Site isolation

A depiction of how site isolation separated different websites into different processes

Site isolation is a web browser security feature that groups websites into sandboxed processes by their associated origins. This technique enables the process sandbox to block cross-origin bypasses that would otherwise be exposed by exploitable vulnerabilities in the sandboxed process.

The feature was first proposed publicly by Charles Reis and others, although Microsoft was independently working on implementation in the Gazelle research browser at the same time. The approach initially failed to gain traction due to the large engineering effort required to implement it in a fully featured browser, and concerns around the real-world performance impact of potentially unbounded process use.

In May 2013 a member of Google Chrome's Site Isolation Team announced on the chromium-dev mailing list that they would begin landing code for out-of-process i-frames (OOPIF).[1] This was followed by a Site Isolation Summit at BlinkOn in January 2015, which introduced the eight-engineer team and described the motivation, goals, architecture, proposed schedule, and progress made so far.

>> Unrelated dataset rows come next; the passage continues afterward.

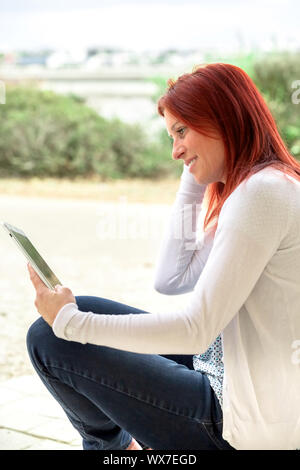 Portrait of a pretty expressive redhead woman reading information on its touch pad Stock Photo
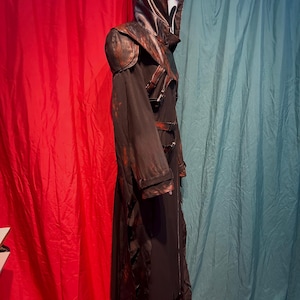 May include: A black and brown Scream costume with a white mask. The costume features a long, hooded robe with leather accents on the shoulders and hood. The robe has a tattered hemline and is secured with buckles.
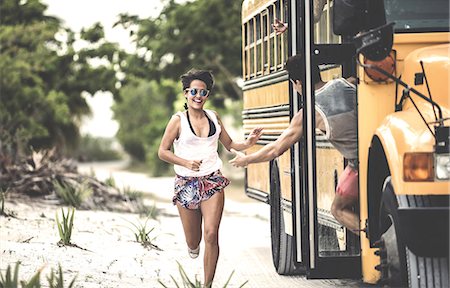 summer and fun and teenagers - A young woman chasing after a moving school bus. Stock Photo - Premium Royalty-Free, Code: 6118-09039097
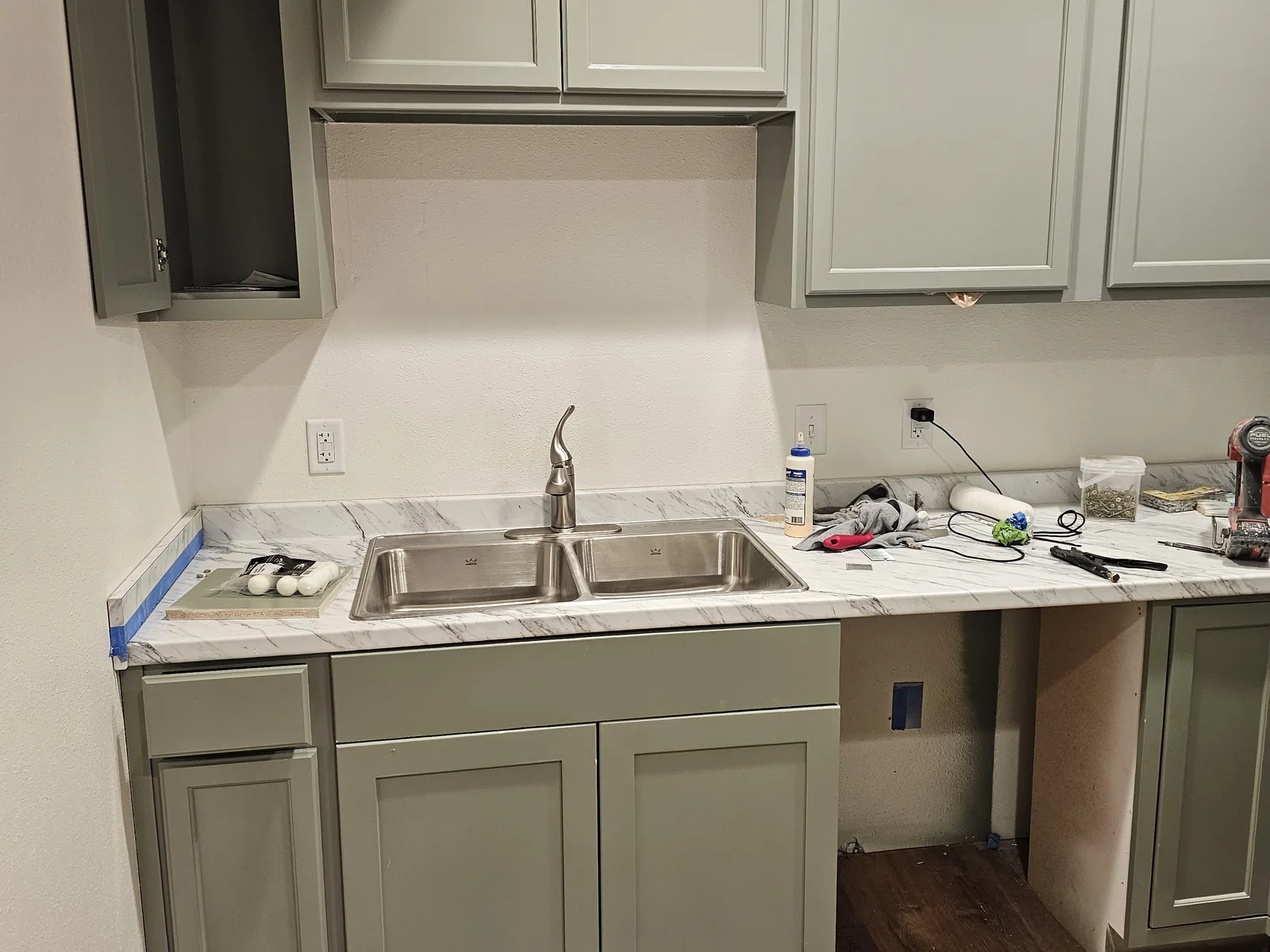 Kitchenette cabinets, counter and sink going in, commercial construction
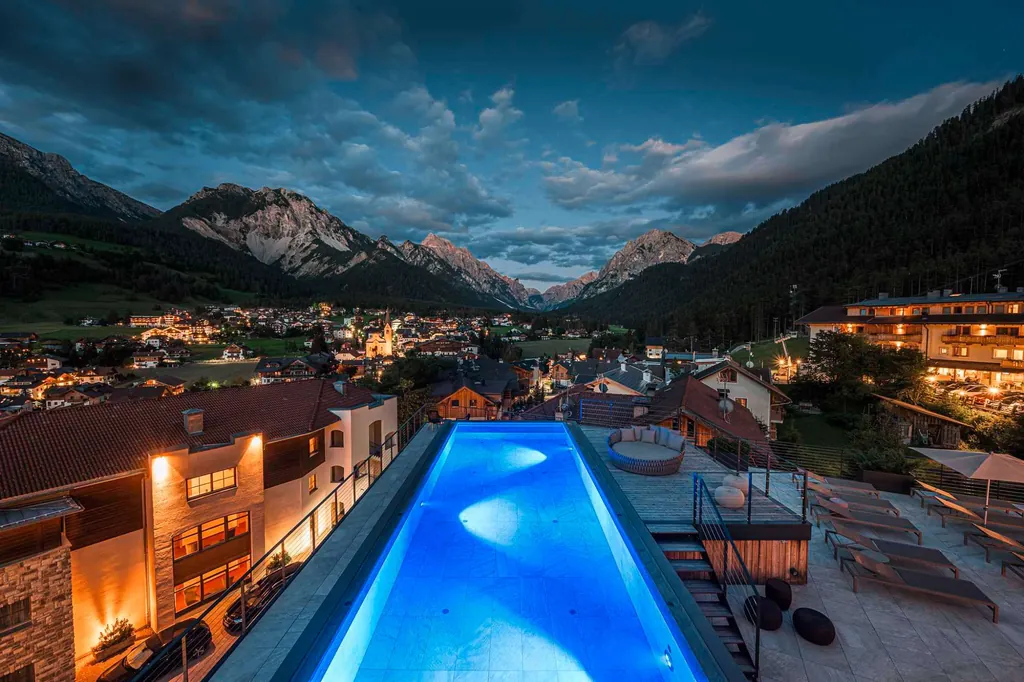 Panorama-Infinity-Pool im Excelsior Dolomites Life Resort in Südtirol mit nächtlicher Beleuchtung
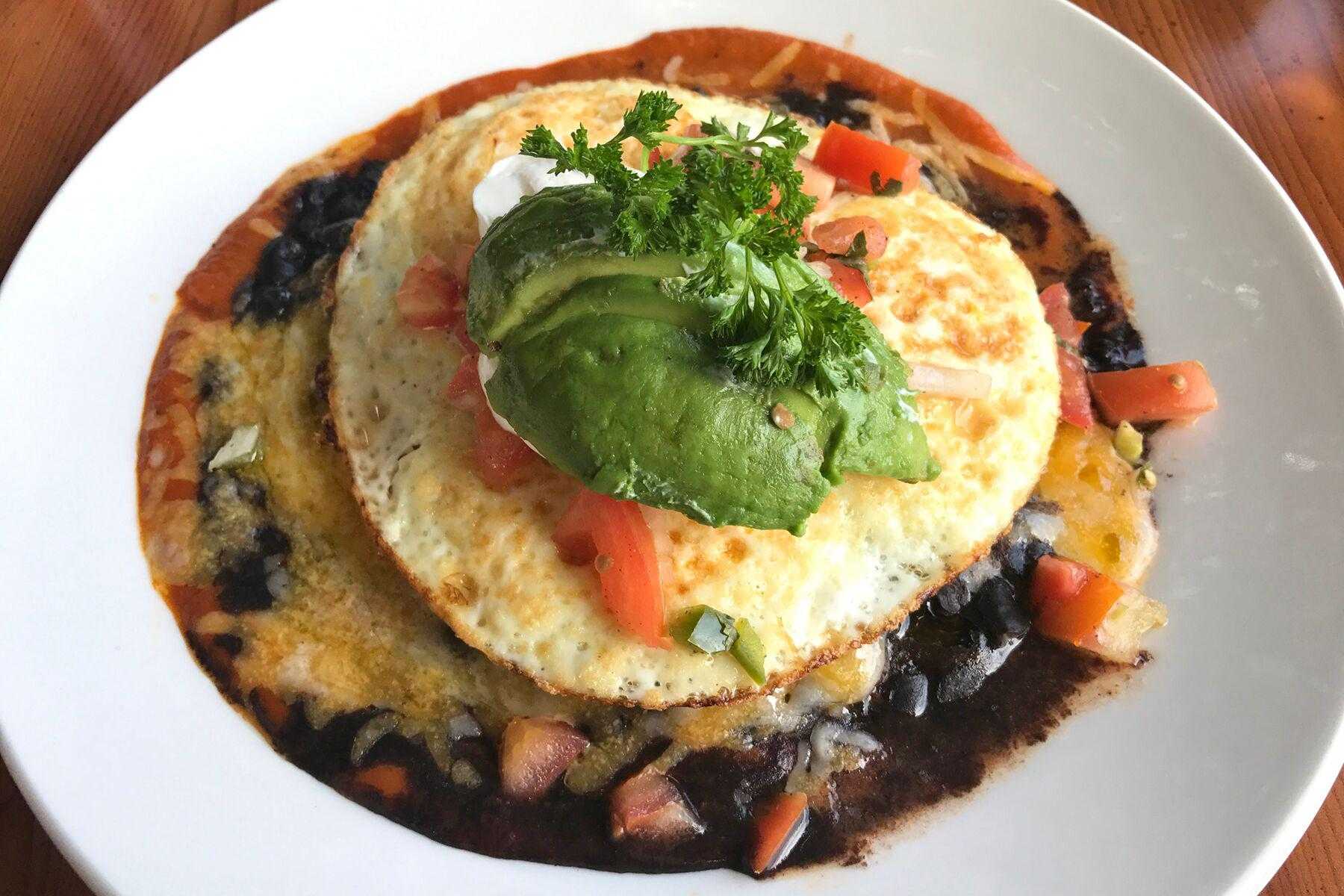 Red salsa chilaquiles on a white plate
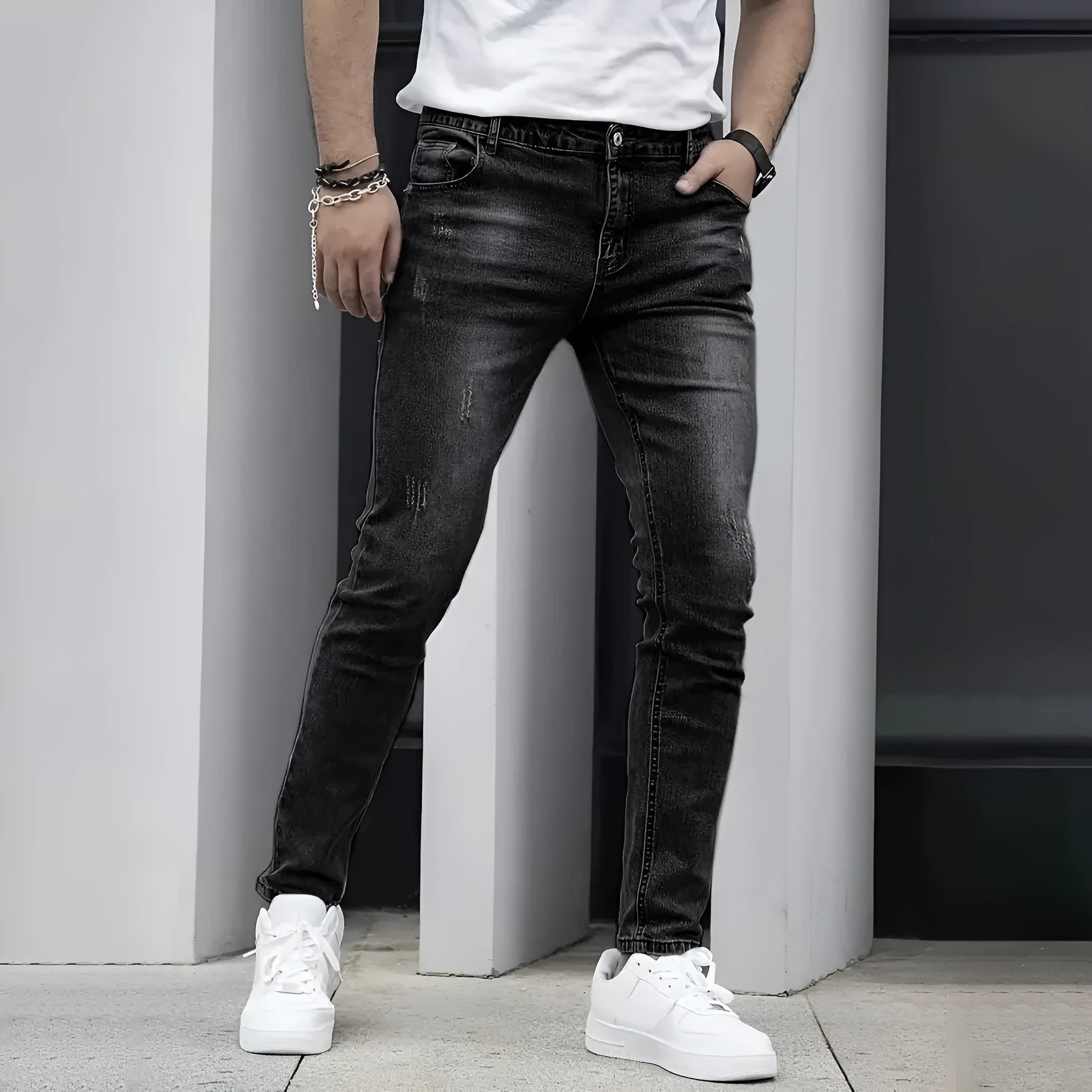 Men's slim-fit stretch jeans in dark blue on a neutral background.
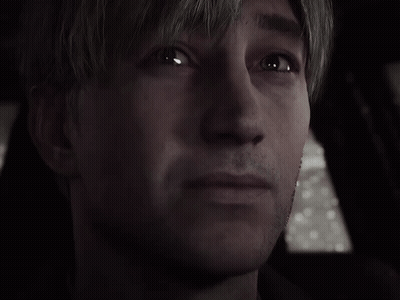 A Close Up Of A Man 'S Face In A Dark Room . GIF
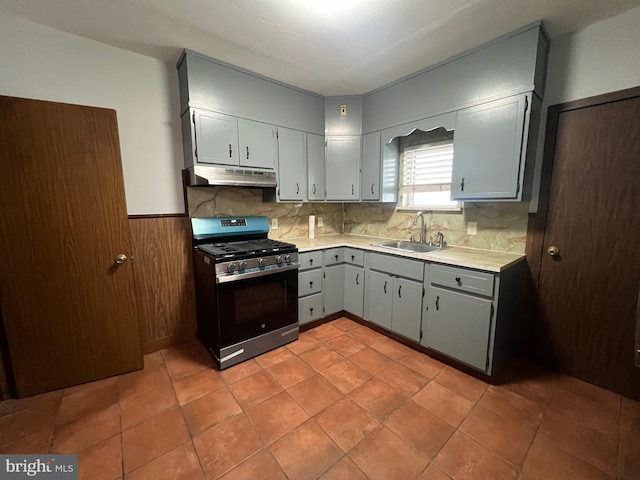 kitchen with backsplash, gray cabinets, sink, and stainless steel range with gas stovetop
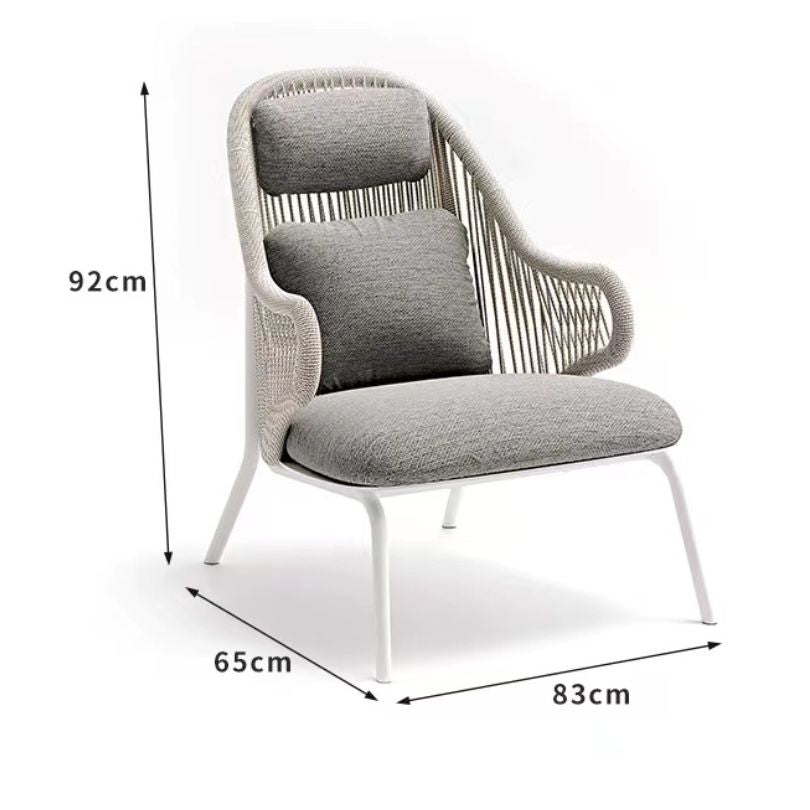 Modern outdoor leisure chair with footstool in a stylish patio setting.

The presentation also included a demo of Chrome running with an early prototype of site isolation.[2]

In 2018, following the discovery of the Spectre and Meltdown vulnerabilities to the public, Google accelerated the work, culminating in a 2019 release of the feature. In 2021, Firefox also launched their own version of site isolation which they had been working on under the codename Project Fission.

Despite the security benefits of this feature, it does have limitations and tradeoffs. While it provides a baseline protection against side channel attacks such as Spectre and Meltdown, full protection against such attacks requires developers to explicitly enable certain advanced browser protections.

The main tradeoff of site isolation involves the added resource consumption necessitated by the additional processes it requires. This limits its effectiveness on some classes of devices, and can be abused in some cases to enable resource exhaustion attacks.

  1. ^ Oskov, Nasko (1 May 2013). "PSA: Tracking changes for out-of-process iframes". chromium-dev (Mailing list). Retrieved 30 August 2024.
  2. ^ Site Isolation Summit (YouTube). 29 January 2015. Retrieved 30 August 2024.